Hands-on Exercise 9a: Processing and Visualising Flow Data

Published

September 8, 2024

Modified

September 8, 2024

1 Overview

Spatial interaction represent the flow of people, material, or information between locations in geographical space. It encompasses everything from freight shipments, energy flows, and the global trade in rare antiquities, to flight schedules, rush hour woes, and pedestrian foot traffic.
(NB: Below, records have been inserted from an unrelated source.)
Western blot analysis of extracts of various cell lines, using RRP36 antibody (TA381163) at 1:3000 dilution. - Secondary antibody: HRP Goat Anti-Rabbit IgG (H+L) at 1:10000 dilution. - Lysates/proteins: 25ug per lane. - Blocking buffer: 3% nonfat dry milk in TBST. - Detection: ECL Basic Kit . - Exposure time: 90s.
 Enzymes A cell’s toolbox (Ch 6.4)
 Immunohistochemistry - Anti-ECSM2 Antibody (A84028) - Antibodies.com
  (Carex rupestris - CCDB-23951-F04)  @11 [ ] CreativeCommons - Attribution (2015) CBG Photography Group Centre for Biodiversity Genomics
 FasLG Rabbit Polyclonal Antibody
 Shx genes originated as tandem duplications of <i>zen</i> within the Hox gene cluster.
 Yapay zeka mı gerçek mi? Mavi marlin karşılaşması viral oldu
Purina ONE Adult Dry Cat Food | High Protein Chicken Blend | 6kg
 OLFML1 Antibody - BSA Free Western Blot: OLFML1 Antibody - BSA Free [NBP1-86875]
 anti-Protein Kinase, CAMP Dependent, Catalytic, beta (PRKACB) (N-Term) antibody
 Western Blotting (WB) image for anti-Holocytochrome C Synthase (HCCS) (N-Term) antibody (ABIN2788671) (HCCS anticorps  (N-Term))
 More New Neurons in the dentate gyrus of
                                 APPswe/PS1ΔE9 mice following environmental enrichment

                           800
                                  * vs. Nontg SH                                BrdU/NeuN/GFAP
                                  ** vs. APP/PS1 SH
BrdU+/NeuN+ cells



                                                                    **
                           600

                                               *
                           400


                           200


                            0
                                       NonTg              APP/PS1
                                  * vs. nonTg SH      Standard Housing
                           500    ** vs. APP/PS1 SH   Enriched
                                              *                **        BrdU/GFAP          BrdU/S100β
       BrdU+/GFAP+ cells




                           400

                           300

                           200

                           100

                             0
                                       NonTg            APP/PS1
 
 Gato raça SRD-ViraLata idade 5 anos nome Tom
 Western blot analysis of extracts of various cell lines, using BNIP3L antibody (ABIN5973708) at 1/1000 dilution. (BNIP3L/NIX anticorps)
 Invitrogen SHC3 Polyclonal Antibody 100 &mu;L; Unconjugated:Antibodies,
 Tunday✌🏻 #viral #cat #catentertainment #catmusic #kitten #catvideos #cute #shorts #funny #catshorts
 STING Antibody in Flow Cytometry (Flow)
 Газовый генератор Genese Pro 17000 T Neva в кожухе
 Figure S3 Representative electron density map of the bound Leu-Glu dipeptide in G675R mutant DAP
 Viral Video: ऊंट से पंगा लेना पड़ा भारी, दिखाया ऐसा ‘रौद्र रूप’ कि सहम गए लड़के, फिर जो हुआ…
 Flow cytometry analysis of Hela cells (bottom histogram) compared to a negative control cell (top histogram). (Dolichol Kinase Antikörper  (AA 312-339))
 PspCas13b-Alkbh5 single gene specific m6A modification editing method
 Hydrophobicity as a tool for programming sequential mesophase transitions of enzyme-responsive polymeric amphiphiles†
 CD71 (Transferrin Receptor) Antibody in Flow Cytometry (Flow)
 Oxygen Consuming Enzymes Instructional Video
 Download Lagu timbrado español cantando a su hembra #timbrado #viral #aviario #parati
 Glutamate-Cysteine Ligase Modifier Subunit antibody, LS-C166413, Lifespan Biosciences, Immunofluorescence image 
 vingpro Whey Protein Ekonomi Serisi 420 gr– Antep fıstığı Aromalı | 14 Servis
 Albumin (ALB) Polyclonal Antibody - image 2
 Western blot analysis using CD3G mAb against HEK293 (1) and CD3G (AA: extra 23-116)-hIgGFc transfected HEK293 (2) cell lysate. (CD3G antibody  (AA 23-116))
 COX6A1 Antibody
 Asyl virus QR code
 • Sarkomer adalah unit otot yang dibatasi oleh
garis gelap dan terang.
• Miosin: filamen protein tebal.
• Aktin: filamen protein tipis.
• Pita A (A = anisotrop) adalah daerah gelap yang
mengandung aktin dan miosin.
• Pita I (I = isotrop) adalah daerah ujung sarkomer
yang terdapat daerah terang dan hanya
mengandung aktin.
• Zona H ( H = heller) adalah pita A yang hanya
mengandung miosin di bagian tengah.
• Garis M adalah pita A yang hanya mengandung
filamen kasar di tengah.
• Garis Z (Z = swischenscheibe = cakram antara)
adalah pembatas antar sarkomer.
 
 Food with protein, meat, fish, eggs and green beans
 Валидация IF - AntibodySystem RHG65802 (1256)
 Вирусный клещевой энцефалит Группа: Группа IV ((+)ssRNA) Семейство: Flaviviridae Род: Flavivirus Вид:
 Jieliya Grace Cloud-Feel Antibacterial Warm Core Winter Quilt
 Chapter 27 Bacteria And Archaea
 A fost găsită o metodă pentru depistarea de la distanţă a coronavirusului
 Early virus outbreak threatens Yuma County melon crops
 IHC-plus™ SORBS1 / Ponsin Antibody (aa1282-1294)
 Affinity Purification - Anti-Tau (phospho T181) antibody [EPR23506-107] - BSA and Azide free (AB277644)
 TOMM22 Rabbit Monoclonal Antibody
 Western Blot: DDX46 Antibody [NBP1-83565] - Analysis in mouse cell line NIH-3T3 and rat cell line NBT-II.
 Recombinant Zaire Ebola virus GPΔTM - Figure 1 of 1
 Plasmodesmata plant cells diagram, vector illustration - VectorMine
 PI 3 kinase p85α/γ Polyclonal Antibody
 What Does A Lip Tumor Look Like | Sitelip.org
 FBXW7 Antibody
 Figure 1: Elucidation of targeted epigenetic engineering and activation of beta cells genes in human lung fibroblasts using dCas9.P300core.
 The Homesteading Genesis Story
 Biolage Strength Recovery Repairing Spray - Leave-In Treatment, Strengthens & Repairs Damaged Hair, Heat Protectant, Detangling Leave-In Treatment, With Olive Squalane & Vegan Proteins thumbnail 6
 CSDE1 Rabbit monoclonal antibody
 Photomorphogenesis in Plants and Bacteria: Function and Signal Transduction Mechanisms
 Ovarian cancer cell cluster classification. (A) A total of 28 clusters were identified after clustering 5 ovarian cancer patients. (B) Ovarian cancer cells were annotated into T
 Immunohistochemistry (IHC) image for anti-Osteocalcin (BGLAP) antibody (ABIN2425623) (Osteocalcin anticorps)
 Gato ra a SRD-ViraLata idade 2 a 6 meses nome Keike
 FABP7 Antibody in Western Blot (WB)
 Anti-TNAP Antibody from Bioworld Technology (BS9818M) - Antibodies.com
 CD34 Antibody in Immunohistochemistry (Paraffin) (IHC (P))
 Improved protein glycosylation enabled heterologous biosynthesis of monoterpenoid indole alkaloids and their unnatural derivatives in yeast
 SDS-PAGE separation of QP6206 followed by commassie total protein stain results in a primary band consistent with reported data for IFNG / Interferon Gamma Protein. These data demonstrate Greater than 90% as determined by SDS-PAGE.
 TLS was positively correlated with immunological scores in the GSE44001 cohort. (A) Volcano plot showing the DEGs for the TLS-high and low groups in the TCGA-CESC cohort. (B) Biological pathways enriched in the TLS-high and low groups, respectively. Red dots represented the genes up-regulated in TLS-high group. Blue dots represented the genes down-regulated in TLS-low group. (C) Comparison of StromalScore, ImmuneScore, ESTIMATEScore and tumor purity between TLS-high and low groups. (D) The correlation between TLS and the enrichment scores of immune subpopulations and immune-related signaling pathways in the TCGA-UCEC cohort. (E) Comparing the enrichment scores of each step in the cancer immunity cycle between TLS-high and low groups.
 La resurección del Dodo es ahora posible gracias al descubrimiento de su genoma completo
Each spatial interaction, as an analogy for a set of movements, is composed of a discrete origin/destination pair. Each pair can be represented as a cell in a matrix where rows are related to the locations (centroids) of origin, while columns are related to locations (centroids) of destination. Such a matrix is commonly known as an origin/destination matrix, or a spatial interaction matrix.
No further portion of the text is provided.